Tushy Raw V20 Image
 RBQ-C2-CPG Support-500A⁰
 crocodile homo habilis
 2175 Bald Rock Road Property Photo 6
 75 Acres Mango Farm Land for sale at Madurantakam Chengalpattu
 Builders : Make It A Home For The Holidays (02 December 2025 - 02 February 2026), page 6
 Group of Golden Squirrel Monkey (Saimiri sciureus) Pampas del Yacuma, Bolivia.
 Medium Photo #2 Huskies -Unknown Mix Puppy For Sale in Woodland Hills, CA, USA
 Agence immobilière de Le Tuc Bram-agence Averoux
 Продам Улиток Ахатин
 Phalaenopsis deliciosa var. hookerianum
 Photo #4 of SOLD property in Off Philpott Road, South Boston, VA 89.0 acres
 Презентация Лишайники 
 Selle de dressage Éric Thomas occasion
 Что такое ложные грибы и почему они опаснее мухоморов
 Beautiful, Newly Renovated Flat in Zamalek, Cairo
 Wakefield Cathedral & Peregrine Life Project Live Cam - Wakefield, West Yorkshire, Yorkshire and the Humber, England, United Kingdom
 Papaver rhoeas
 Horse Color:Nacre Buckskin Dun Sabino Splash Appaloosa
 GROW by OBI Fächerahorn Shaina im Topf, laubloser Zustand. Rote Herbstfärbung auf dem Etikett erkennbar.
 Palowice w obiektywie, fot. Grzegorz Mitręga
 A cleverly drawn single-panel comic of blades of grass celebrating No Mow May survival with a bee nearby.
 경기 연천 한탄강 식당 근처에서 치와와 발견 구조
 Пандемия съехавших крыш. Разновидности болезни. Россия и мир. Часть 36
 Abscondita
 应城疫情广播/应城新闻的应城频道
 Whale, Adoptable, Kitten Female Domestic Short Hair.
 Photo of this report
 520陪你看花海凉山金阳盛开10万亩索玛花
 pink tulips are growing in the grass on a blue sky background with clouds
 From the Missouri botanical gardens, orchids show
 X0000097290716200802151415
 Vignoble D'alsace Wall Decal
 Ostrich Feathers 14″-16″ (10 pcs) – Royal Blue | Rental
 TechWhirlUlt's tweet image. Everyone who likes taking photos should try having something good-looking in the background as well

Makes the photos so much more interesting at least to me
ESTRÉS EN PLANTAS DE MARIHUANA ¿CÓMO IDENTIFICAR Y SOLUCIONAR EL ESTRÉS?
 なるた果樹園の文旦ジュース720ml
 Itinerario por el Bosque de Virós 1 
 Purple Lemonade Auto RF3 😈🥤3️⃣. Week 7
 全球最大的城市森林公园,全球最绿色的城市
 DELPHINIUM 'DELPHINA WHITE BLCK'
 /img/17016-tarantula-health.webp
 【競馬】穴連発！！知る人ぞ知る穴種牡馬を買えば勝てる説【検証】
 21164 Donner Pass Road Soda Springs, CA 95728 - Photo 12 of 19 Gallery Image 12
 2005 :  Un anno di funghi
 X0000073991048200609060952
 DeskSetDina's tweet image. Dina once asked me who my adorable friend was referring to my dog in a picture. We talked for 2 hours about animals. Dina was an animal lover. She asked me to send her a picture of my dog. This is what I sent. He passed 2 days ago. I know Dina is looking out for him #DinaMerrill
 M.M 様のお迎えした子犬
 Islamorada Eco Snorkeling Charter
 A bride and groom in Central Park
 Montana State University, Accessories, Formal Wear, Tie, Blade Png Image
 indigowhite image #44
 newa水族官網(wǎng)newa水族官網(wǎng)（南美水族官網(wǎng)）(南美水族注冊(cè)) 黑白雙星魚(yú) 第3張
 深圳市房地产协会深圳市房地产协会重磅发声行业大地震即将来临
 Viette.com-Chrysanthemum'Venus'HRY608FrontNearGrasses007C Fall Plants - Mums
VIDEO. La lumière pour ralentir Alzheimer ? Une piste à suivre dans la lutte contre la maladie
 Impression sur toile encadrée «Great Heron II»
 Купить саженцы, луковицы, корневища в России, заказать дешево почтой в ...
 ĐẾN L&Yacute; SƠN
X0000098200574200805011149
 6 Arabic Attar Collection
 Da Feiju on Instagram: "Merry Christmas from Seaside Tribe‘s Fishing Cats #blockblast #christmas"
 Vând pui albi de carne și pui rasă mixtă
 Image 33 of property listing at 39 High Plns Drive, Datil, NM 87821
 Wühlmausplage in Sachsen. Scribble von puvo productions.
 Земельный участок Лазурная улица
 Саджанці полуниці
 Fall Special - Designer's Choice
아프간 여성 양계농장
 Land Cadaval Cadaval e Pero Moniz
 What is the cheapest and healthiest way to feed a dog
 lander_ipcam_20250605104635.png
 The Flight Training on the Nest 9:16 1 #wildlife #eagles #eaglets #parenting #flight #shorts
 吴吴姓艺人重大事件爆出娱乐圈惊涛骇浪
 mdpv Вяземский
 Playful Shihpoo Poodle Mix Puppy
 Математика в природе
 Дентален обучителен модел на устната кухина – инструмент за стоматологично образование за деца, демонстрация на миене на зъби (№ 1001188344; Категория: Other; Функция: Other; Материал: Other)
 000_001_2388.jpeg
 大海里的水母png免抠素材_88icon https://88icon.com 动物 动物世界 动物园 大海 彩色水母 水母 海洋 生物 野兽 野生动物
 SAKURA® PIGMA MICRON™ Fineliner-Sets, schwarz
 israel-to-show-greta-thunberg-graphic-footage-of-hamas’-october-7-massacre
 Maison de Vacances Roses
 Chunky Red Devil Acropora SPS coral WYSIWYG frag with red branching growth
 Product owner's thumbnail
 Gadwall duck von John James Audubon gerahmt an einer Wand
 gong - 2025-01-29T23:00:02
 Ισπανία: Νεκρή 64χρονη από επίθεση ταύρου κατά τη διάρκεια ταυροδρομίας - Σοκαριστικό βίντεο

● ● ● ●

:: Task to carry out ::
Determine how many lines in the listing above hold the word "photos", answering with the number only.

:: Task result ::
2